State budget crisis community meeting at the Sons

 


In nearly every conversation related to borough government, capital projects or borough services, you can’t help but hear a borough employee or staffer say something along the lines of “with the state budget the way it is…” or “without any money coming from the state…”

The warnings have become almost cliché during Borough Assembly meetings and in coffee shop politics talk. But what, exactly, is the challenge we’re facing and what can we do about it? This Friday you’ll have an opportunity to find out.

State officials and employees will host an interactive budget presentation and discuss the state’s fiscal crisis this Fri., Jan. 15 in the Sons of Norway Hall at 5 p.m.

Representative Jonathan Kreiss-Tomkins and the Alaska Department of Revenue’s Ken Alper will give the interactive presentation.

After talking through issues regarding the state budget deficit and associated challenges, the presenters will provide a scale and different sized color coded wooden blocks representing dollar amounts and revenues and expenditures such as costs and revenues associated with the state budget such as the ferry service, education, the PFD and oil revenues.


“We’ll bring someone out of the audience and see if they can balance the budget, like physically balance the budget,” Kreiss-Tomkins said. “One has to literally balance the budget with these blocks. It’s like a game show and it’s a blast.”

Petersburg will be the third municipality in the state to experience the presentation after Sitka and Anchorage.
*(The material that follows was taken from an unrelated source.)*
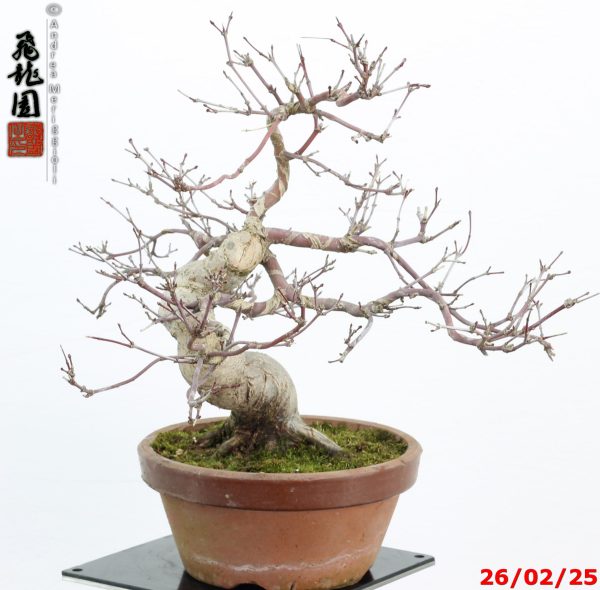 Acer palmatum deshojo shohin - immagine 3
As oil prices and production falls, the state’s main source of funding, oil revenues, are on the decline. The state has already significantly decreased capital project spending and more cuts are likely to come.


And many state officials agree new sources of revenue are needed. The presenters will also present the governor’s plan to create new revenues in the form of a state income tax and a change to the PFD.

Kreiss-Tomkins said this is a challenge all Alaskans must understand and solve together.

“It’s a colossal problem,” Kriess-Tomkins said. “We as Alaskans need to find a solution. And this sort of scale and conversation is a good way for us as Alaskans to get a sense of what solutions are out there.”

Senator Bert Stedman and Borough Lobbyist Ray Matiashowski may attend as well.